Le norme dettate in materia di valutazione del merito creditizio si configurano non già come norme di validità, bensì come norme di condotta: gli effetti della loro violazione, dunque, rileveranno solamente sotto il profilo risarcitorio e non, invece, sotto il diverso profilo della nullità del contratto.
Trib. Padova, 19 novembre 2024
Con la pronuncia in commento, il Tribunale di Padova torna sul tema della concessione abusiva di credito, consolidando il proprio orientamento.
La fattispecie riguarda, in particolare, un credito insinuato da una banca derivante da finanziamenti chirografari muniti di garanzia statale, il quale veniva escluso dal Giudice Delegato per asserita nullità ex art. 1418 c.c. dei contratti. Tale nullità, in particolare, avrebbe trovato fondamento nell’errata valutazione del merito creditizio da parte dell’istituto di credito, colpevole di non aver effettuato un’adeguata istruttoria.
Contro tale esclusione la banca proponeva opposizione allo stato passivo, la quale veniva accolta dal Tribunale di Padova per ragioni tanto di ordine processuale quanto sostanziale.
Quanto al primo profilo, il Collegio patavino asserisce come, non essendo i contratti di mutuo stati dichiarati nulli in un precedente e diverso giudizio di cognizione, spettasse al Fallimento dimostrare la sussistenza dei presupposti per l’accertamento della nullità degli stessi: tale dimostrazione, tuttavia, non sarebbe stata raggiunta.
Quanto alle ragioni di ordine sostanziale, il Tribunale riprende la distinzione tra norme di validità e norme di condotta, ricordando come solo la violazione delle prime possa comportare nullità: le norme di condotta, infatti, non attengono al profilo oggettivo del contratto, prescrivendo, invece, regole di comportamento dei contraenti. La violazione di quest’ultime, dunque, non va ad incidere sulla validità del contratto, obbligando solamente il trasgressore al risarcimento dei danni nei confronti del danneggiato.
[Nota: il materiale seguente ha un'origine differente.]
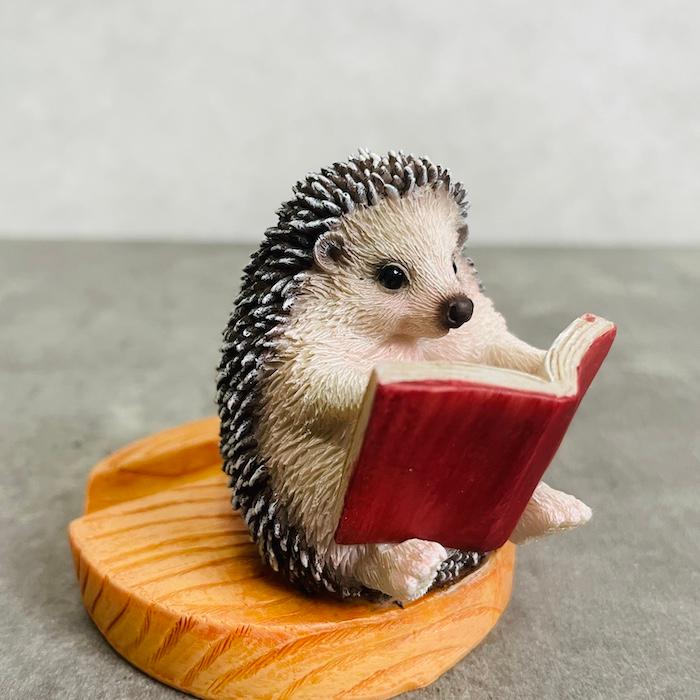 スマホスタンド 卓上 おもしろ 動物 本を見るハリネズミ 置物 かわいい おしゃれ 写真立て スマホホルダー woobia ウービア |  | 03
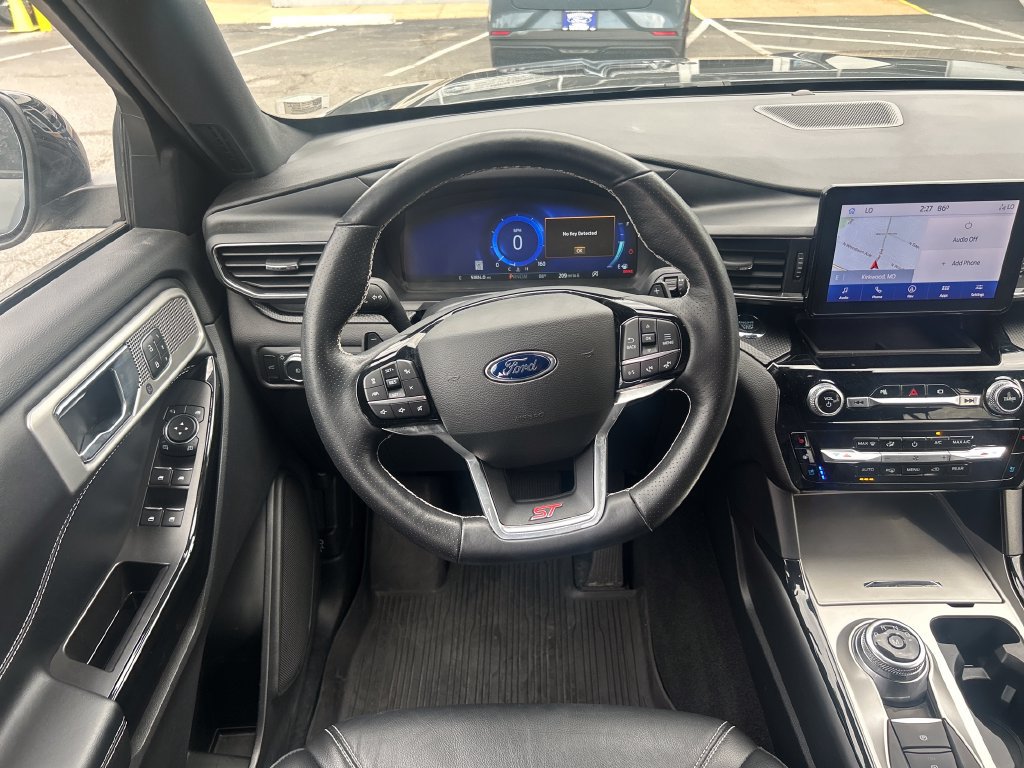 Used 2022 Ford Explorer ST w/ Equipment Group 401A AWD/4WD image 16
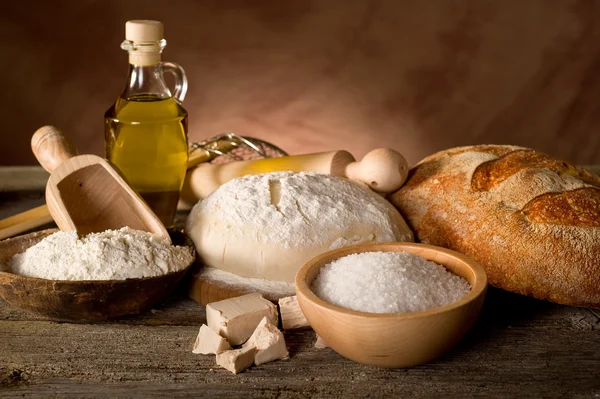 Dough and ingredients for homemade bread — Stock Photo, Image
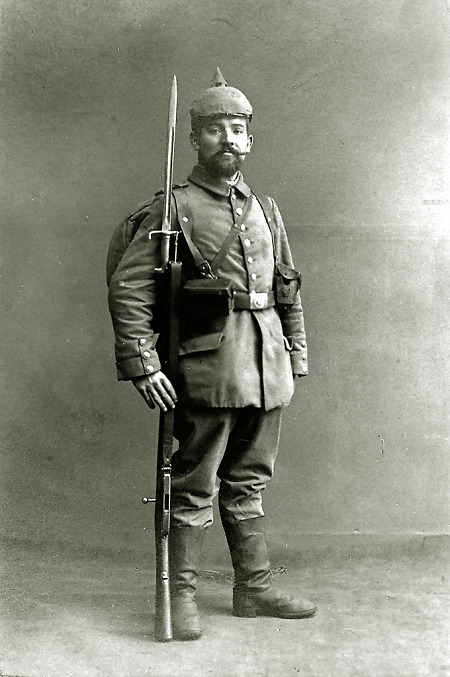 Soldat aus Reiskirchen mit Bajonett, um 1900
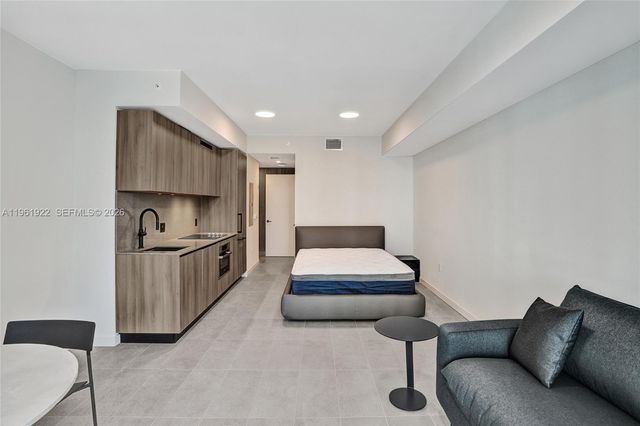 121 NE 5th Street 807, Miami, FL 33132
Dopo tale premessa, i giudici procedono a qualificare l’art. 5 T.U.B. (afferente alla valutazione del merito creditizio) quale regola di condotta, portando a sostegno diverse motivazioni:
(a) in primo luogo, non potrebbe configurarsi una nullità testuale, stante la mancata sussistenza di una norma che sanzioni espressamente con la nullità le conseguenze dell’errata valutazione del merito creditizio;
(b) in secondo luogo, non sarebbe nemmeno possibile la configurazione di una nullità virtuale per violazione delle norme imperative poste a tutela dell’ordine pubblico economico, non essendo sufficiente a tal fine il fatto che le norme in materia di verifica del merito creditizio siano poste a tutela di interessi generali ed inderogabili.
Invero, infatti, le norme nazionali e sovranazionali che prevedono tali obblighi di verifica definiscono le attività che uno dei due contraenti è chiamato a svolgere, senza, tuttavia, incidere sugli elementi strutturali del contratto di mutuo. Quest’ultimo, infatti, anche nell’ipotesi in cui tali verifiche non fossero eseguite, rimarrebbe validamente perfezionato e, dunque, idoneo a produrre i propri effetti tipici e ad assolvere la propria funzione economico-sociale.
Il Tribunale di Padova, oltre a richiamare la recente pronuncia della corte di Cassazione n. 26.248/2024 afferma, infine, che la violazione delle regole sulla valutazione del merito creditizio non può dunque comportare la nullità dei contratti di mutuo, costituendo, al più, presupposto per la condanna della banca al risarcimento del danno “secondo il diritto comune di cui agli artt. 1218/2043 c.c.” (Cass. n. 18.610/2021).